Photo: Metropolitan Museum of Art
A wall hanging from the seventh or eighth century, made of cotton and macaw feathers. It was created by the Wari, a people of Peru’s southern highlands.
via NYTimes: Art Review:
'Radiance From the Rain Forest'
Objects From a Long-Vanished Peru, Parading All Their Magnificent Plumage
By KAREN ROSENBERG
Published: July 5, 2008
As Darwin wrote, brightly colored feathers give certain species of birds an evolutionary advantage. Ancient Peruvians adapted such plumage for their own purposes, adorning ritual objects and personal accessories with startling yellows, reds, greens and blues.
“Radiance From the Rain Forest: Featherwork in Ancient Peru,” at the Metropolitan Museum of Art, is one of the few New York museum exhibitions ever to focus on this little-known art form. Organized by a senior research associate, Heidi King, it supplements the Met’s rarely displayed holdings of featherwork with examples borrowed from public and private collections, including those of the Brooklyn Museum and the American Museum of Natural History. It’s the kind of specialized yet accessible show that only the Met can pull off.

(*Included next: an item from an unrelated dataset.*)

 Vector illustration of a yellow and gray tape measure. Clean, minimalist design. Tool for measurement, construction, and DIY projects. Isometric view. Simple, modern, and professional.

According to Ms. King, ancient Peruvians had no written language, and the symbolism is therefore somewhat arcane. Contemporary viewers can nonetheless appreciate the way feathers conveyed wealth, status and sheer animal magnetism.
Most of the works on view were made between the 7th and 16th centuries, before the Spanish conquest of Peru. They were objects for the elite, fashioned with feathers that were carried across the Andes from the Amazonian rain forests. The plumes themselves were considered luxury goods on a par with precious metals, shells and gemstones.
Well-preserved examples of featherwork are rare, because feathers are easily damaged and, like other organic materials, decompose. Among the most vivid works in the exhibition are two hangings with a simple abstract design of blue and yellow macaw feathers arranged in quadrants; they have retained their color and texture because they were stored in rolls within large ceramic urns. Made by the Wari people of Peru’s southern highlands, they are among the oldest works in the exhibition, dating from the seventh or eighth century, but they have a remarkably modern feel.
Macaws and other parrots supplied most of the plumage, but that of other species — Muscovy ducks, flamingos, egrets and the petite paradise tanager — was also prized. Some colors were produced artificially in a process known as tapirage. Birds with, say, green and blue feathers were plucked and then rubbed with frog secretions; the feathers would then grow back in an unnatural yellow-orange hue.
The Peruvians used several methods to attach feathers to a cotton or leather backing. To cover a large area, as with the Wari hangings, they often layered strings of feathers in horizontal rows. For smaller objects, individual feathers were glued on with a kind of mosaic technique.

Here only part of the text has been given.